The cost of gaming equipment, consisting of gaming equipment as well as other property and equipment, is depreciated over their estimated useful lives, using the straight-line method for financial reporting. Repairs and maintenance costs are expensed as incurred. The Company routinely evaluates the estimated lives used to depreciate assets. The estimated useful lives are as follows:
Gaming equipment
3 to 6 years
Other property and equipment
3 to 6 years
 

The Company measures recoverability of assets to be held and used by comparing the carrying amount of an asset to future cash flows expected to be generated by the asset. The Company’s policy is to impair, when necessary, excess or obsolete gaming machines on hand that it does not expect to be used. Impairment is based upon several factors, including estimated forecast of gaming machine demand for placement into casinos. While the Company believes that the estimates and assumptions used in evaluating the carrying amount of these assets are reasonable, different assumptions could affect either the carrying amount or the estimated useful lives of the assets, which could have a significant impact on the results of operations and financial condition.

Intangible Assets

The Company reviews its identifiable intangible assets for impairment whenever events or changes in circumstances indicate that the carrying amount of an asset may not be recoverable. Impairment losses are recognized for identifiable intangibles, other than goodwill, when indicators of impairment are present and the estimated undiscounted cash flows are not sufficient to recover the assets’ carrying amount.

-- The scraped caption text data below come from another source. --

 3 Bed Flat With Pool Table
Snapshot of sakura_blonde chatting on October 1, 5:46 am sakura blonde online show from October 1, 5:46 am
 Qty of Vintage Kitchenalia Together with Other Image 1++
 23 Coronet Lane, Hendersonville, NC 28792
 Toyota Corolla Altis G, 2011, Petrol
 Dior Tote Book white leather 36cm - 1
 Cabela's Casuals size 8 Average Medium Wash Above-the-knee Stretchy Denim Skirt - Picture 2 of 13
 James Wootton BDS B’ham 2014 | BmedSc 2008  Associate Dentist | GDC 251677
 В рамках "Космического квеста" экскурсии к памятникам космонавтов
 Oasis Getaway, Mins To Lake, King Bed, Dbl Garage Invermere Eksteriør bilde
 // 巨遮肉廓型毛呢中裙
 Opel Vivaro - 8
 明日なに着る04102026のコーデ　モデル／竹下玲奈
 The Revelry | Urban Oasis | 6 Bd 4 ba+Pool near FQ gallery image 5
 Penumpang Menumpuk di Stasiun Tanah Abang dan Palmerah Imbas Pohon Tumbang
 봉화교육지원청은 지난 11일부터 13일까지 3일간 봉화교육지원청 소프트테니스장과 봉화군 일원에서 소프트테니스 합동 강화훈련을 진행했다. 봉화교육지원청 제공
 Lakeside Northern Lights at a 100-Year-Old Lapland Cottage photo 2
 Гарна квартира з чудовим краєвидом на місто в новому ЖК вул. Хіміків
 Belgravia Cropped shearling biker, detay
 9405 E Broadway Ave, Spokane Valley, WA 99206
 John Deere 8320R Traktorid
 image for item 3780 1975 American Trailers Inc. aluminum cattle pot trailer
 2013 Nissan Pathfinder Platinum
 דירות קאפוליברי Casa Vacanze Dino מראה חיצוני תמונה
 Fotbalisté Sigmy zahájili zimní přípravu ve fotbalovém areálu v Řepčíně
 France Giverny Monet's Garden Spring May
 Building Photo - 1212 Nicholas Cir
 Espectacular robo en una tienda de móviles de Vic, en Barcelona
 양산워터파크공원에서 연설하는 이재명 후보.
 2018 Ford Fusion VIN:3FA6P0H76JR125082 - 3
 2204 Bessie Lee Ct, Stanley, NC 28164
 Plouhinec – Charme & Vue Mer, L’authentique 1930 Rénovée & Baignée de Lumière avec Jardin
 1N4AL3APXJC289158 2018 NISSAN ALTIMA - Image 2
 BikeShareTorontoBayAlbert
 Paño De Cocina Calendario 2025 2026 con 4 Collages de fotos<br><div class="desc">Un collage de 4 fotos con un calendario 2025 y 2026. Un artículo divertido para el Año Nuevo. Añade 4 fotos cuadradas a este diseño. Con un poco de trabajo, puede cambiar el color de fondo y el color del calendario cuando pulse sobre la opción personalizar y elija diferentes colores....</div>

When the estimated undiscounted cash flows are not sufficient to recover the intangible asset’s carrying amount, an impairment loss is measured to the extent the fair value of the asset is less than its carrying amount.


6

AP GAMING HOLDCO INC.
NOTES TO THE CONDENSED CONSOLIDATED FINANCIAL STATEMENTS (continued)
(unaudited)

Certain trade names have an indefinite useful life and the Company tests these trade names for possible impairment at least annually, on October 1, or whenever events or changes in circumstances indicate that the carrying value may be impaired. We perform a qualitative assessment to determine if it is more likely than not that the fair value of the asset is less than its carrying amount. If we believe, as a result of our qualitative assessment, that it is more likely than not that the fair value of the asset is less than its carrying amount, the quantitative impairment test is required.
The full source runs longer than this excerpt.